À l’instar de Condé, Ouattara veut par ailleurs détourner ses opposants des critiques de fond sur sa gouvernance, préférant les orienter vers le débat politique sur sa supposée volonté de briguer un troisième mandat. Une sorte de diversion.
Indicateur d’un manque de maturité démocratique
Mais à trop tirer sur la corde du doute, celle-ci finit par se rompre pour dévoiler une ambition cachée de maintien au pouvoir. Les cas les plus emblématiques sont ceux du Burundais Pierre Nkurunziza et du Rwandais Paul Kagamé.
Au demeurant, le doute que certains chefs d’Etat laissent planer – ou sont contraints de laisser planer – sur leur candidature à un nouveau mandat, au mépris de leur Constitution ou de leur engagement public, apparaît comme un indicateur de manque de maturité démocratique d’une certaine classe politique.

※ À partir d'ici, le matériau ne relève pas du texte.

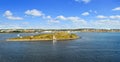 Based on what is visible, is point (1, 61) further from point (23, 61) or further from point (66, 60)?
point (66, 60)

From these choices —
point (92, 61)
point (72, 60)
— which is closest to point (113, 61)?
point (92, 61)

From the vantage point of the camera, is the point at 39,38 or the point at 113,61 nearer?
the point at 113,61

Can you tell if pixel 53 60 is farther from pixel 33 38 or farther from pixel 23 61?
pixel 33 38

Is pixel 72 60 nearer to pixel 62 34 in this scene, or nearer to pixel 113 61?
pixel 113 61

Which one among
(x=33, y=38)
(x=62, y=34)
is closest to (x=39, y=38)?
(x=33, y=38)

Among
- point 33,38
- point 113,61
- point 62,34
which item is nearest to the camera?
point 113,61

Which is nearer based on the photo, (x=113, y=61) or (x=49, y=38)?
(x=113, y=61)

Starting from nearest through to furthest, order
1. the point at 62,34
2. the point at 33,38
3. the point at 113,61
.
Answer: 1. the point at 113,61
2. the point at 33,38
3. the point at 62,34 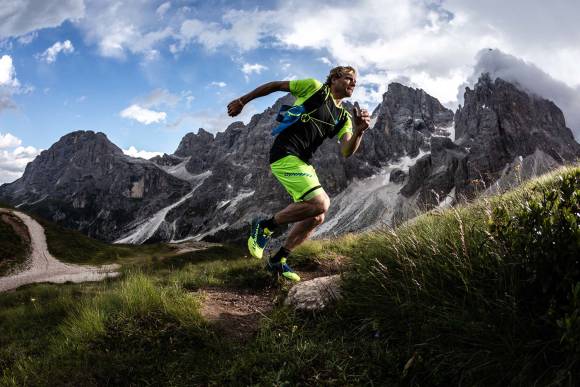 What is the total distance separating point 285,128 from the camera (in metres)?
6.70

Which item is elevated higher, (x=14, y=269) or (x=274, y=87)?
(x=274, y=87)

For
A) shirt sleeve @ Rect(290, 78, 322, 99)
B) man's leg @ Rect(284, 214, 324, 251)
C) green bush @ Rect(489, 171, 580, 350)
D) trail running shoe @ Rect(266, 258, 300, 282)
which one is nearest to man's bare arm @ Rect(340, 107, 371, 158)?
shirt sleeve @ Rect(290, 78, 322, 99)

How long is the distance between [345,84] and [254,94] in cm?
160

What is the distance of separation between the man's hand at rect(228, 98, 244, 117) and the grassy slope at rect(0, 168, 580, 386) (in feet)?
10.6

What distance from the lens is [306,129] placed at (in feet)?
21.9

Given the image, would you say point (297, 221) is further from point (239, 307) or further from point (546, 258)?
point (546, 258)

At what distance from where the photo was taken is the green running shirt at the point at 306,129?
21.8 feet

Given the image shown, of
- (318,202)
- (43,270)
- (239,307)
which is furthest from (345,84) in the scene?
(43,270)

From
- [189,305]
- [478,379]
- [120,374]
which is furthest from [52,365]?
[478,379]

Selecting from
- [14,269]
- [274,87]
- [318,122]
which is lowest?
[14,269]

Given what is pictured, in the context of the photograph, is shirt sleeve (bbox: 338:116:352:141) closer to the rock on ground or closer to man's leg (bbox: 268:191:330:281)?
man's leg (bbox: 268:191:330:281)

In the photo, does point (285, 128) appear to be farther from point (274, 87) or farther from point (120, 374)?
point (120, 374)

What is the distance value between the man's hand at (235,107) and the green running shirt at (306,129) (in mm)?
941

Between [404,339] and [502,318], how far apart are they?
973 mm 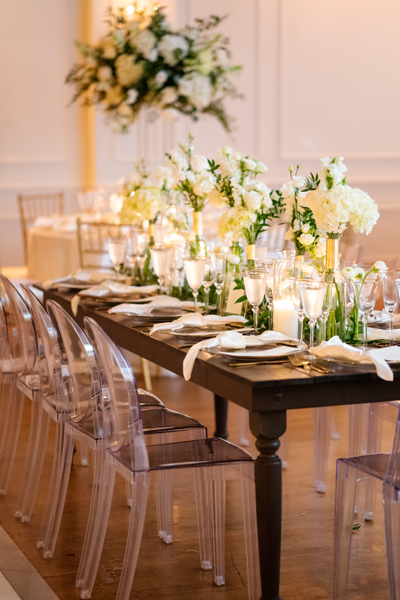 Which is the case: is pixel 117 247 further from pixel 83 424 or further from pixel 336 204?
pixel 336 204

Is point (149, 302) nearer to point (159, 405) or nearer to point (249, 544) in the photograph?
point (159, 405)

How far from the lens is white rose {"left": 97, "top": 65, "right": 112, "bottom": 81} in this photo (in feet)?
18.8

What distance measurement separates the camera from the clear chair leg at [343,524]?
8.11 feet

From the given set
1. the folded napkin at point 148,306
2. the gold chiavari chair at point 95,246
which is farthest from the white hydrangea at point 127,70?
the folded napkin at point 148,306

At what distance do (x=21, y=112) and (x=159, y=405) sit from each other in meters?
6.23

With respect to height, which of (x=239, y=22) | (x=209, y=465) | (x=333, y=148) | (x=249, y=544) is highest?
(x=239, y=22)

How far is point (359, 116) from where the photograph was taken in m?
9.53

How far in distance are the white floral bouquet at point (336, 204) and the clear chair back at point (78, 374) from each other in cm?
87

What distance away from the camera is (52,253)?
6434mm

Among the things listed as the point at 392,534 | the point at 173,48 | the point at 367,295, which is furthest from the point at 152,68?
the point at 392,534

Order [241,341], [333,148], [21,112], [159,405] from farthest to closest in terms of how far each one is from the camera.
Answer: [333,148]
[21,112]
[159,405]
[241,341]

Le Ghana, l’exemple à suivre
Au Ghana, depuis 2000, les présidents qui succèdent à Jerry Rawlings savent qu’ils sont là pour au maximum deux mandats de quatre ans, pas plus. Leurs opposants et leurs proches aussi. Les chefs d’Etat n’ont pas besoin d’entretenir le flou sur leurs intentions, au terme de leurs mandats constitutionnels et ils ne montrent aucun agacement à voir leurs potentiels successeurs se battre pour prendre le contrôle des instances décisionnelles de leurs partis, alors qu’ils sont toujours au pouvoir.
Au Ghana, comme dans les pays à tradition politique éprouvée sur la limitation des mandats présidentiels, les candidats à une guerre de succession mettent tout en œuvre pour ne pas que leur activisme gêne l’action gouvernementale. Toute une culture démocratique.